Activity-Based Costing (ABC): For this method, distributors use formulas to apply expenses to orders individually. It’s a commonly used method, but it takes a lot of time and isn’t easy for sales teams to adopt or trust.   

The Surrogate Method: This method is less complex, easier for sales teams to adopt and as effective as the ABC method. It involves applying activity-based techniques and critical factors such as returns and average order size. In addition, you’re categorizing customers according to their performance compared to each other, instead of just their CTS.  

Top Criteria for Calculating CTS  

Which critical factors should you use to calculate CTS using the surrogate method? The most vital metrics address finance, operations and sales. The best metrics to use are quantifiable at the customer level, relevant to every customer, and easily understood by your salesforce. 

In our research, we’ve found the top seven factors for most distributors are: 

  1. Average Order Size: Smaller orders can mean higher handling costs.
  2. Average Number of Line Items: Fewer line items per order may mean more frequent (and smaller) orders, which results in a higher CTS 
  3. Days to Pay: More days to pay means a greater cost to finance your customers’ purchases. 
  4. Will-Call Orders: Will-call orders mean fewer expenses dedicated to fulfilling an order and a lower CTS. 
  5. Same-Day Deliveries: Such deliveries typically demand more significant expense and a higher CTS. 
  6. C and D Items Accessed: C and D items are slower-moving, and customers who order these tend to have a higher CTS.  
  7. Number of Returns: More returns often lead to more significant expenses and a higher CTS.  

CTS in the Field 

One distributor was experiencing growth through acquisition and wanted to solve for a high CTS and inconsistent pricing. They wanted a better pricing method their sales force could easily use and adapt confidently. This meant developing a thorough understanding of CTS at their company, learning which factors were most vital for them, and training the sales force on CTS. They chose average order size, number of line items and days late as top metrics.  

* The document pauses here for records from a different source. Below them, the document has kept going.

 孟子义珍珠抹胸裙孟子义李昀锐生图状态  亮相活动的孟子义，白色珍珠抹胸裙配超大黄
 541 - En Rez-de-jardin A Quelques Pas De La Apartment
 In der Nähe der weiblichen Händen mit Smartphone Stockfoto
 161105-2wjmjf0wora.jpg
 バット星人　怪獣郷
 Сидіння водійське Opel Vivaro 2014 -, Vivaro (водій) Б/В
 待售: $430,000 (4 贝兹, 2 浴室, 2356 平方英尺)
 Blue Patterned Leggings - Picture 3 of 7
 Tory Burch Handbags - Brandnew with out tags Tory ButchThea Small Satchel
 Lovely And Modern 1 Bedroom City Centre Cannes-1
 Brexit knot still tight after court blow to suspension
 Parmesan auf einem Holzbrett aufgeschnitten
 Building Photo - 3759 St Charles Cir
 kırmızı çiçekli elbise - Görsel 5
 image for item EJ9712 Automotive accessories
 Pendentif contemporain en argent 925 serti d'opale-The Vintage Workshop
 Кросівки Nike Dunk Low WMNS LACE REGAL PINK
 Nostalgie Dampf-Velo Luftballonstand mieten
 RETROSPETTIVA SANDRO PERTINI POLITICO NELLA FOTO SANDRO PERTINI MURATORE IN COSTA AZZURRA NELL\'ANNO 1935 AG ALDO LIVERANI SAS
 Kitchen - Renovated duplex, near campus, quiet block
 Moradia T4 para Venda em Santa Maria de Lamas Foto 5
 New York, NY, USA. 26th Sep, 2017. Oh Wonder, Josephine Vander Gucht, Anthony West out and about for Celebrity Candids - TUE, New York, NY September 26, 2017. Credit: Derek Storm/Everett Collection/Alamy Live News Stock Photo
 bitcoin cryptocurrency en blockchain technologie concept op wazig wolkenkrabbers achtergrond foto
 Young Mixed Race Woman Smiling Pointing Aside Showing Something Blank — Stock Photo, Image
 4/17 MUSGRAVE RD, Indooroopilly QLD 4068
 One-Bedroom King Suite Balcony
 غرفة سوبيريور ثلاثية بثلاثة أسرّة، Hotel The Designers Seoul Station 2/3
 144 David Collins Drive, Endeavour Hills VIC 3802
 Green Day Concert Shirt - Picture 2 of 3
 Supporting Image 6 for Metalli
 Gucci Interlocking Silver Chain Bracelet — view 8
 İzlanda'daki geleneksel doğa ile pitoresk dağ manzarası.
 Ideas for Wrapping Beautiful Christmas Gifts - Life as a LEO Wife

Once these metrics were chosen, it was easier to onboard salespeople and other customer-facing employees.  

As you can see in the table below, the two comparable customers have similar sales and gross margins. However, when you calculate using CTS, it’s evident there are differences to account for in pricing. For example, Customer 1 orders twice as many orders as Customer 2, ordering one item per order. They also average 12 days late. As a result, they’re the more costly customer to serve, and the sales force can make pricing determinations around this fact.